Five of China’s largest state-owned companies, worth hundreds of billions of dollars in market value, will be delisted from the New York Stock Exchange in the coming weeks, the companies said in a series of filings on Friday.
3 of the world’s largest energy companies, petro china, Sinopec When Shanghai Petrochemicalsaid in a separate statement that it will apply for a voluntary delisting of its American Depositary Shares.Others he owns two state-owned giants, an insurance company china life and aluminum producers Chalcoalso said it would cease offering its shares in the United States, citing the administrative burden and costs associated with maintaining the shares.
Shares of both companies were down before Friday’s New York trading, mostly down about 3%. The combined market valuation of both companies exceeds his $300 billion.
The announcement comes amid heightened tensions between Beijing and Washington and following a law passed by the House of Representatives in 2020 to introduce tighter scrutiny of those companies. Increased scrutiny of companies.
U.S. lawmakers have long complained that Chinese companies do not follow the same rules as others on U.S. stock exchanges. Despite years of debate, Beijing and Washington are unable to reach an agreement to allow US regulators access to fully inspect audit documents of US-listed Chinese companies. was.
With a deep investor base and a highly liquid market, listing on Wall Street was once a coveted position for large Chinese companies and seen as an important step for companies looking to go global.
But tensions between China and the United States spill over into nearly every aspect of bilateral relations, from defense to climate to finance. House Speaker Nancy Pelosi’s controversial visit to Taiwan last week, which China claims to be its own, has further soured relations. Hours after her visit, Beijing suspended talks on military coordination, climate change and other issues.
China’s market regulator said the move would not “jeopardize” the fundraising activities of the five companies, adding that there were multiple markets to choose from. Both companies will maintain their listings in Hong Kong and mainland China.
“These companies have strictly adhered to the rules and regulatory requirements of the U.S. capital market since their listing in the United States, and chose to delist for their own business reasons,” the China Securities Regulatory Commission said. said. statement On Friday.

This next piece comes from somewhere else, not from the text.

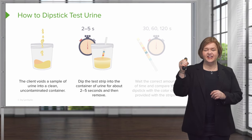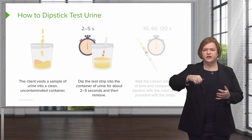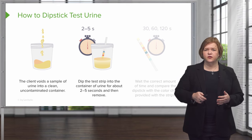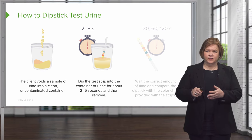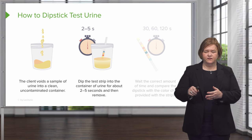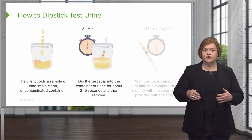So don't just quickly put it right in — put it in and make sure it gets well saturated. You should be able to do that within about two to five seconds. Then you're going to remove the strip from the sample. Usually we have a paper towel there to dab the strip off in case you have any drips. Make sure you keep your area clean and uncontaminated.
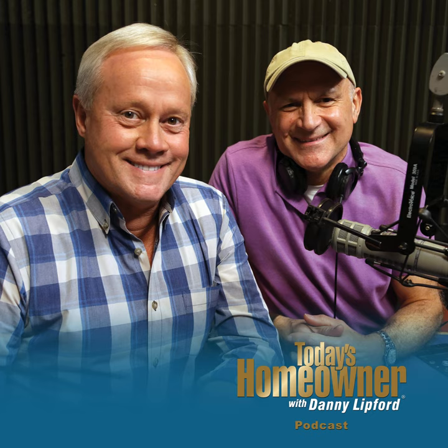Hello and welcome to the Today's Homeowner Weekly Podcast. We're here to help you with the challenges we all face as homeowners. I'm Danny Lippert, and I'm Joe Truene. Each week, Danny and I are here on the podcast to answer any and all home improvement questions. We want to hear from you — send us your questions or comments at todayshomeowner.com/podcast.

All five have been added to the list of Chinese companies that have not met U.S. regulatory audit standards outlined in the Holding Foreign Companies Accountable Act passed in 2020.
Alibaba, the New York-listed Chinese e-commerce giant, is another company recently added to the list of more than 270 companies. Stocks fell 11%. The company said last month that it would soon aim for a preliminary listing in Hong Kong to allow more investors from mainland China to invest in the company.
Didi Chuxing, the Chinese respondent to Uber, was one of the first Chinese companies to announce plans to delist from the New York Stock Exchange late last year, putting it between China and Wall Street in years. A trillion-dollar relationship has come to an end.